Schneider v. Swiss Air Transport Co. Ltd., 686 F. Supp. 15 (D. Me. 1988)

US District Court for the District of Maine - 686 F. Supp. 15 (D. Me. 1988)
May 16, 1988

686 F. Supp. 15 (1988)

Hessa SCHNEIDER, Plaintiff,
v.
SWISS AIR TRANSPORT COMPANY LTD., Defendant.

Civ. No. 86-0278-B.

United States District Court, D. Maine.

May 16, 1988.

Warren M. Silver, Bangor, Me., for plaintiff.

Eugene C. Coughlin, Vafiades, Brountas & Kominsky, Bangor, Me., Michael J. Holland, Condon & Forsyth, New York City, for defendant.

 
ORDER ACCEPTING MAGISTRATE'S RECOMMENDED DISPOSITION

CYR, Chief Judge.

The plaintiff sustained a knee injury aboard Swiss Air Flight 333, for which she seeks $75,000 in damages pursuant to the Warsaw Convention and the Montreal Agreement.[1] The defendant moves for summary judgment pursuant to rules 12(b) (6) and 56 of the Federal Rules of Civil Procedure, arguing that plaintiff's injury was not caused by an "accident" within the meaning of Article 17 of the Warsaw Convention.

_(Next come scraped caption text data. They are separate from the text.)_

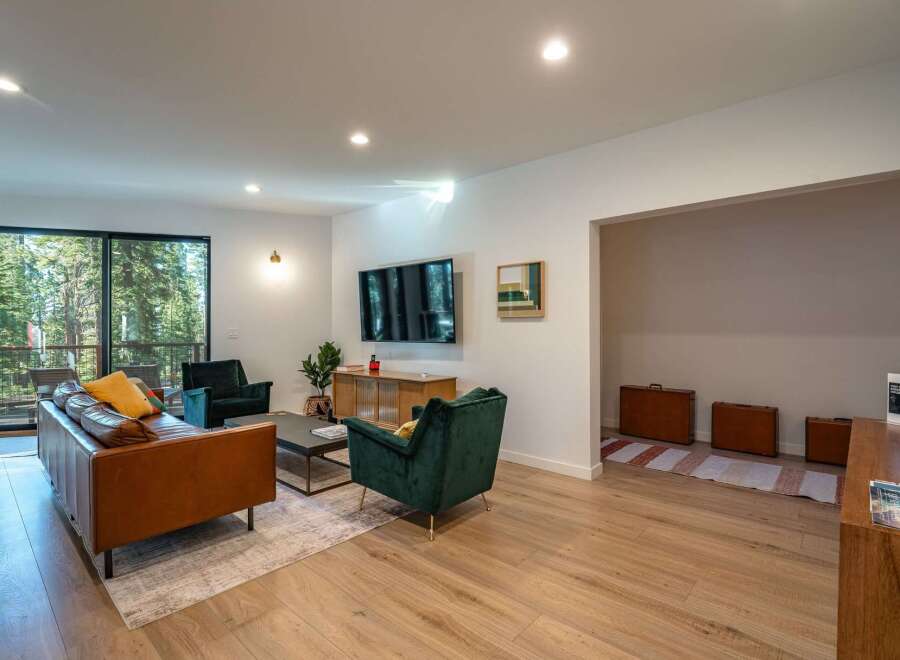 House in Dollar Point - Image 4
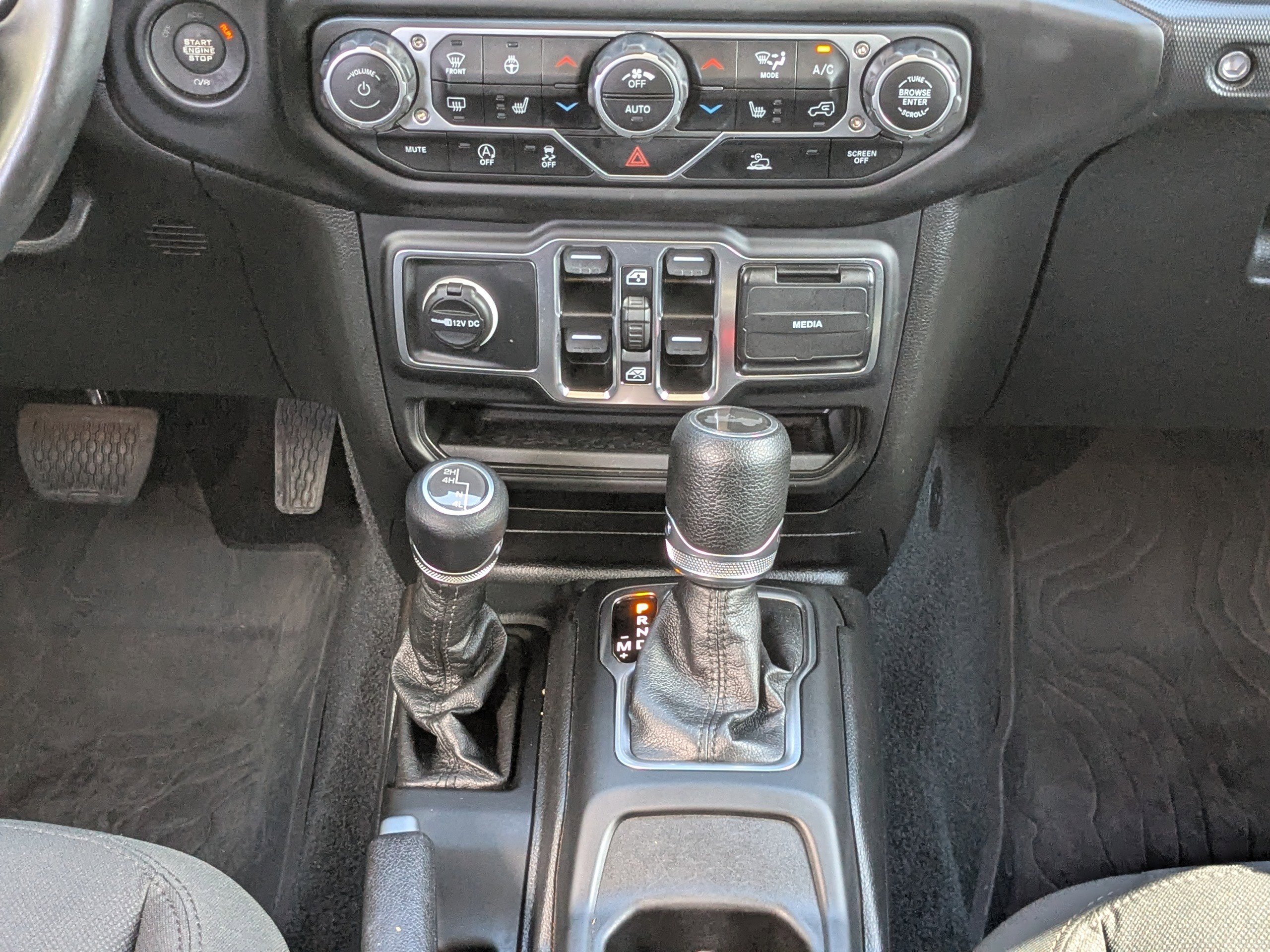 Certified 2023 Jeep Wrangler Unlimited Sport image 18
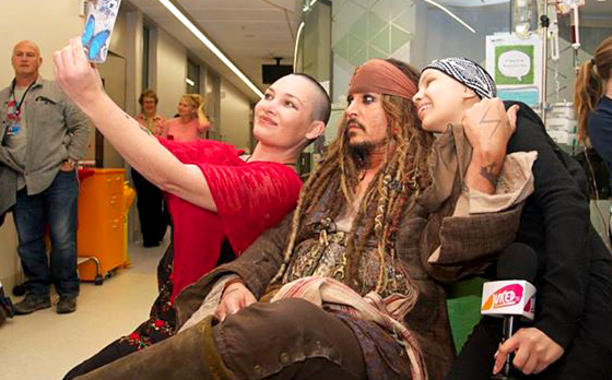 Johnny Depp Visited A Children’s Hospital Dressed As Captain Jack Sparrow And Our Hearts Are Exploding From Happiness!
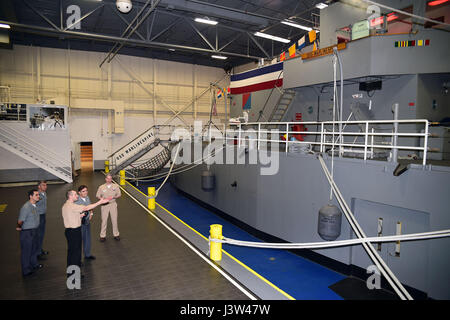 170425-N-IK959-893 grandi laghi, Ill., (25 aprile 2017) Aviation Ordnanceman 1a classe Matteo Timour, un facilitator per la USS Marlinspike linea Trainer di manipolazione, ricorda la nave al coperto a Vice Adm. Antonio Fernando Garcez Faria, Capo della Marina brasiliana di formazione, durante un tour di assumere il comando di formazione (RTC). (U.S. Navy foto di Scott A. Thornbloom/rilasciato) Foto Stock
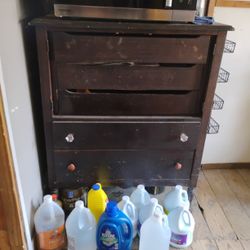 Old Dresser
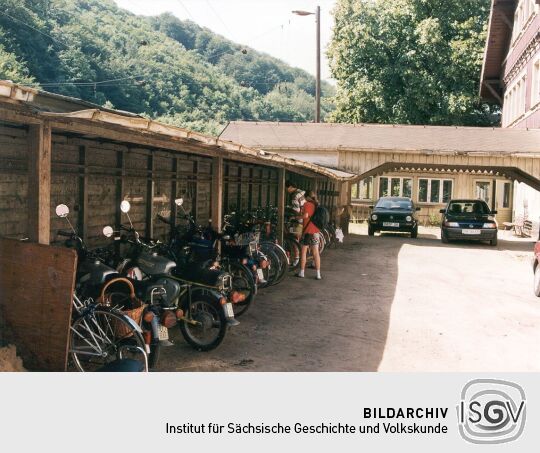 Fahrradunterstand am Bahnhof Tharandt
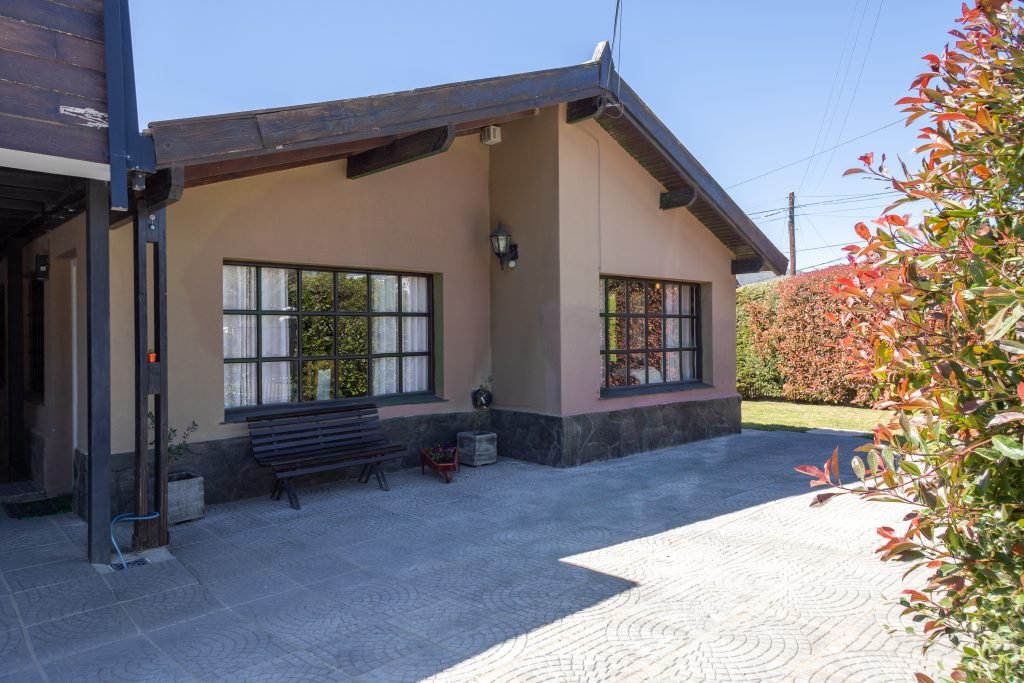 Casa con Patio y Cochera
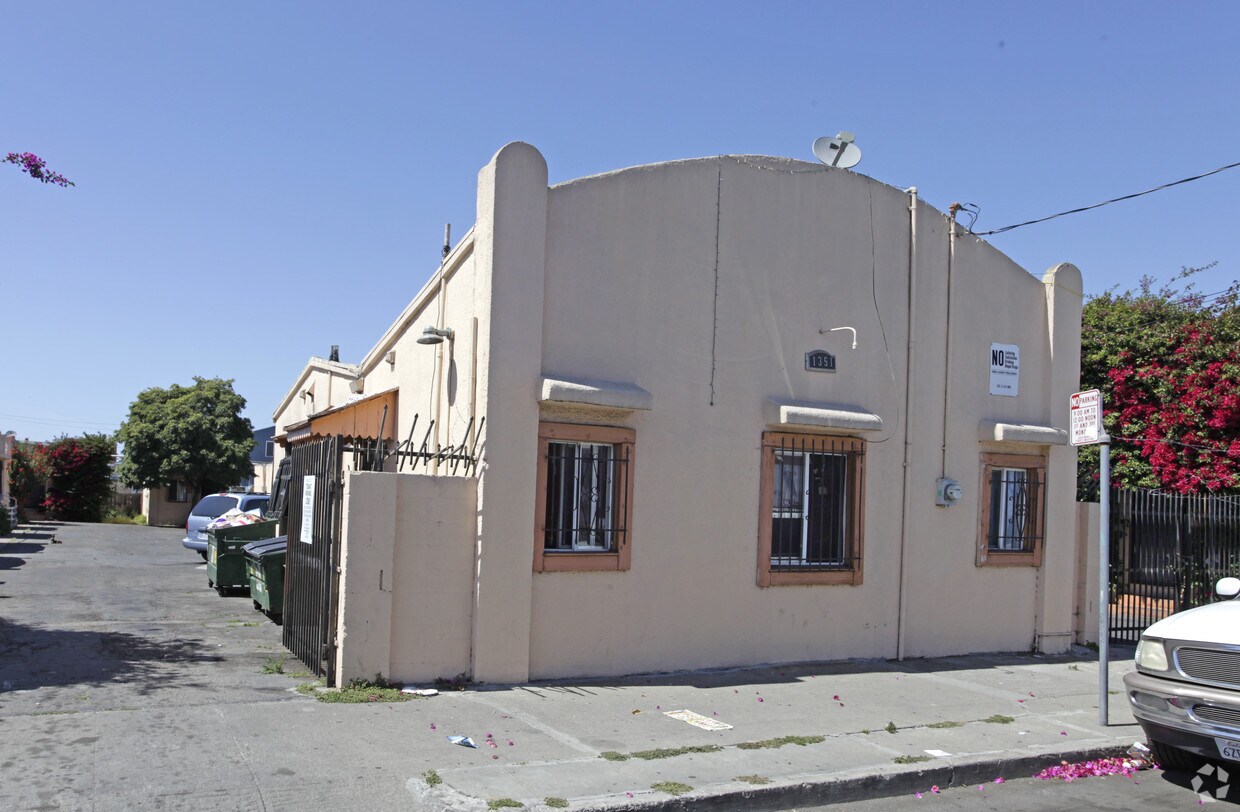 Building Photo - 1347-1355 95th Ave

The United States Magistrate recommended denial of the defendant's motion for summary judgment. The defendant objects to the magistrate's recommended disposition. The court undertakes de novo review of that portion of the recommended disposition to which timely objection has been made. 28 U.S.C. § 636(b) (1); Fed.R. Civ.P. 72(b).

 
STATEMENT OF FACTS

The parties agree that on October 13, 1985, the plaintiff was en route from Tel Aviv, Israel, to Boston, Massachusetts, via Zurich, Switzerland, aboard Swiss Air Flight 333. The plaintiff, who is five feet tall and weighed approximately 250 pounds at the time of the incident, occupied an aisle seat.[2] Directly in front of the plaintiff sat two children who put their seats in full recline. A married couple, seated to plaintiff's left, frequently required access to the aisle. The gentleman left his seat as many as six times, and his wife got up "several" times. (Tr. at 23.)

The plaintiff claims to have asked the children seated in front of her to return their seats to the upright position so that *16 she could get up and allow the couple to her left to get to the aisle. The children declined. Plaintiff then sought assistance from the children's father, who was seated across the aisle from the children. The father apparently refused to instruct his children to "straighten up and fly right"; their seats remained in full recline. Plaintiff then sought the assistance of a flight attendant, who is said to have advised the plaintiff that she could not help her. The defendant denies the plaintiff's allegations that she complained about the situation to her fellow passengers and to an airline representative. See Defendant's Answer to Complaint, Schneider v. Swiss Air Transport Co., Civ. No. 86-278-B (D.Me. Oct. 17, 1986).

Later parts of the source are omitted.